What was your work experience prior to VigLink.
In 1999 I moved to San Francisco and spent time as an engineer and product manager at Echo Networks which was sort of the Pandora of its day. Sadly we could not make audio ads work and that business failed so I moved to Seattle where I spent some time working for Microsoft co-founder Paul Allen at Vulcan and then 4 years at Microsoft. I did some fun stuff there, including founding the group that does TV and Movie downloads for the XBOX. That was sort of a proto-CEO experience for me. J Allard gave me 20 heads [permission to hire 20 people] and said, "I don't know what you're building but it ships in November." I was hooked.
How did VigLink come into being?
I was in business school thinking about a business to start. Someone turned me on to affiliate marketing and as I investigated it just seemed incredibly complicated. I thought if I had a hard time figuring it out, I couldn't be the only one so I wrote a crawler to go look for links to Amazon and count how many were affiliate links. The answer came back less than half and I knew I had a business opportunity on my hands.
As the business has grown, it's become increasingly clear how real the opportunity is. Particularly for forums, where user-generated content abounds, it’s difficult for administrators to get the most out of affiliate marketing programs and leverage the product-focused content their forum generates. Before tools like VigLink existed, it meant editing user content by hand, and tracking tens or hundreds of different programs and tagging schemes.
How many affiliates and publishers are there currently?
We work with over 12,500 merchants and thousands of publishers have the VigLink technology on their site.
Can you give us some perspective into the scale and scope of VigLink (e.g. how much coding is involved, how much server power and bandwidth, how many man hours in lining up affiliates and publishers, how much money is involved, etc..)?
It's a pretty substantial enterprise - we have 17 people including an engineering team of six that we're looking to grow aggressively.
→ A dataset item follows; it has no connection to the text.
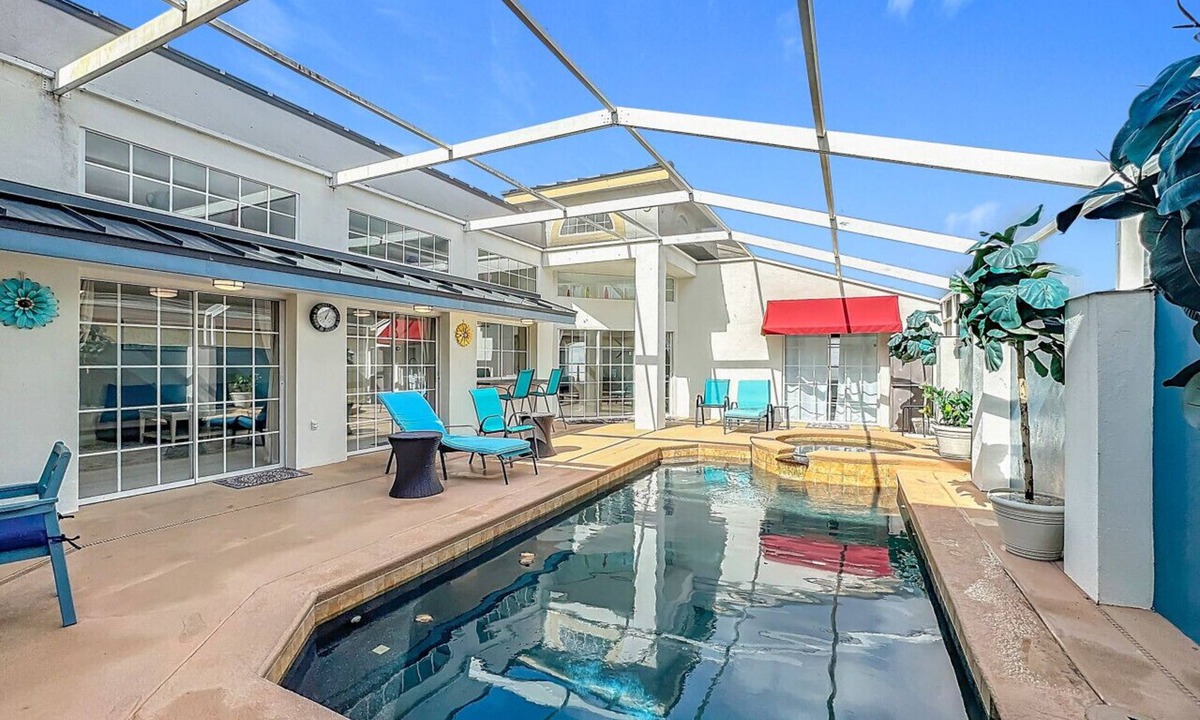 West Kissimmee House | Luxury 5-Bedroom Villa with Pool/Spa, By Disney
We've been in business three years and spend a 5 figure number of dollars every month on infrastructure at AWS, spread across several data centers. The labor required to identify, join and instrument 10s of thousands of affiliate programs is very substantial and we put tons of effort into customer and merchant relationships, into sales and into marketing. It's a huge effort. We've also got some exciting things in the works that I think your readers will love.
To date we’ve raised $7.3 million in funding across three rounds of funding and in August 2010, we acquired one of our competitors. In 2011 we processed over 2 billion outbound clicks across our publisher network and we're seeing great growth this year as well.
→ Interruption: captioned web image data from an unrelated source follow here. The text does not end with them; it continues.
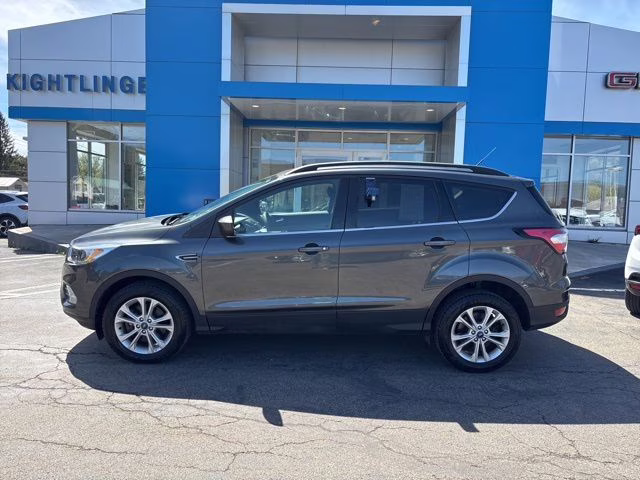 2018 Magnetic Ford Escape SE 4X4 SUV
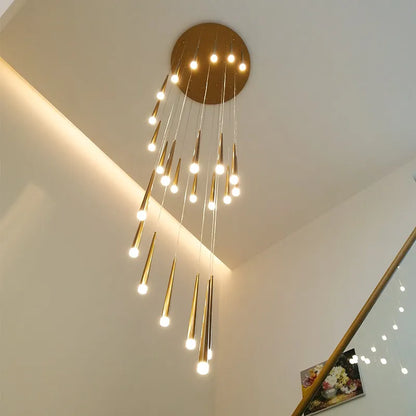 Moderner Treppen-Kronleuchter, Atmosphärisch für Duplex-Wohnungen, Nordisches Design, Drehbarer Lang-Pendelleuchter - Unique Outlet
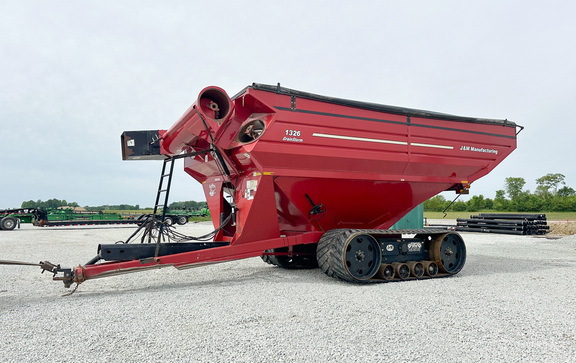 2010 J&M 1326-22S Grain Cart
How does VigLink work, and how can forum owners use it to increase revenues?
VigLink is un-intrusive content monetization for publishers. Forum owners install it in their site and outbound links to merchants are quietly turned into paying links without changing a single pixel of your site. Optionally a forum can turn on link insertion to notice mentions of products and brands and insert new links. We even have a plugin so that only guests see inserted links if you prefer.
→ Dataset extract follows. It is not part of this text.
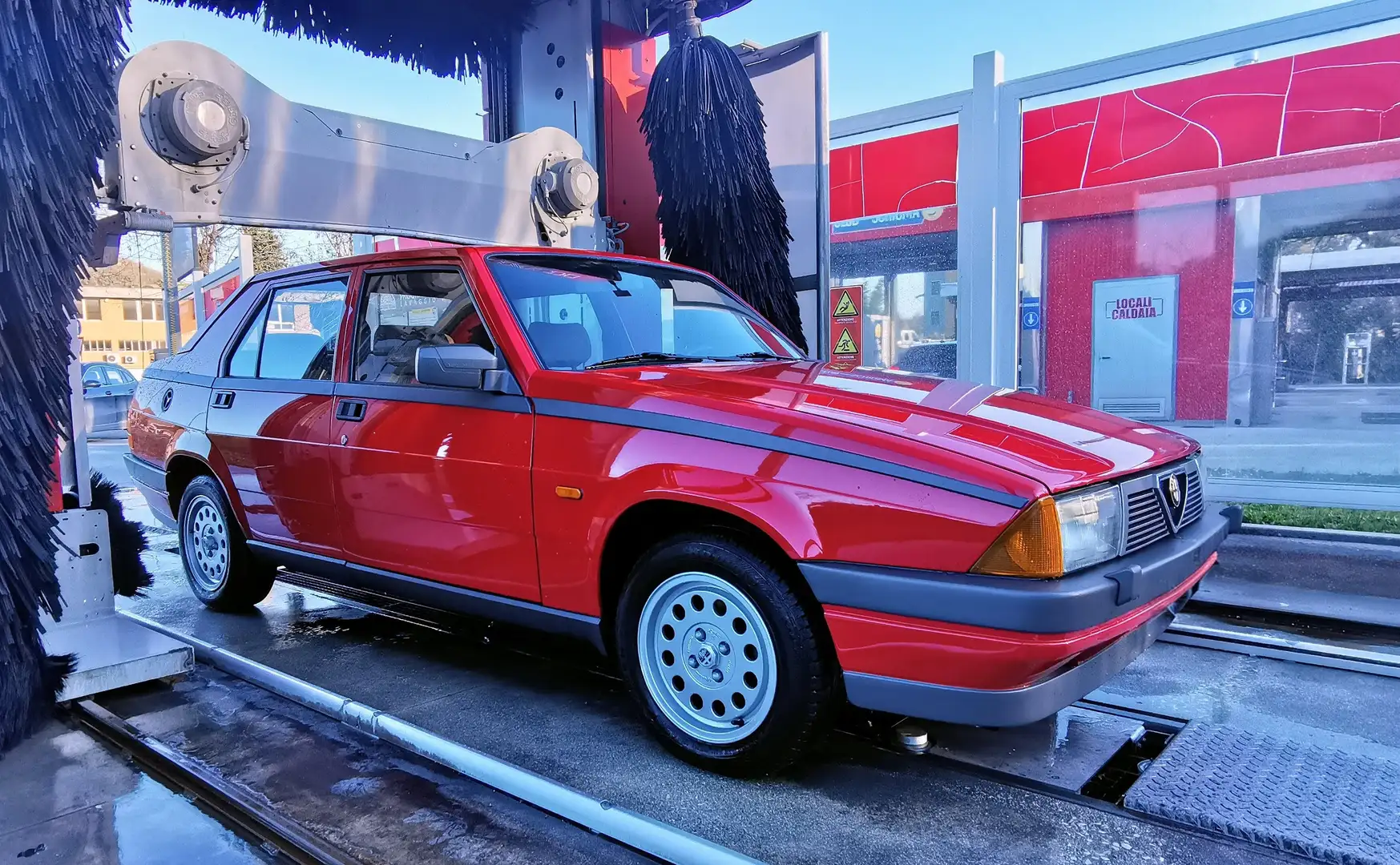 Alfa Romeo 75 75 2.0 Rojo - 1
Doing this work by hand is certainly possible but it's incredibly tedious, time-consuming and error prone. Given that the useful life of a thread decays quickly over time, a big portion of the opportunity is lost. It requires forging a multitude of partnerships with affiliate networks and individual online merchants, and then manually combing through content, locating merchant links, and appending the html tags for those links (which can change on a regular basis, depending on the affiliate program).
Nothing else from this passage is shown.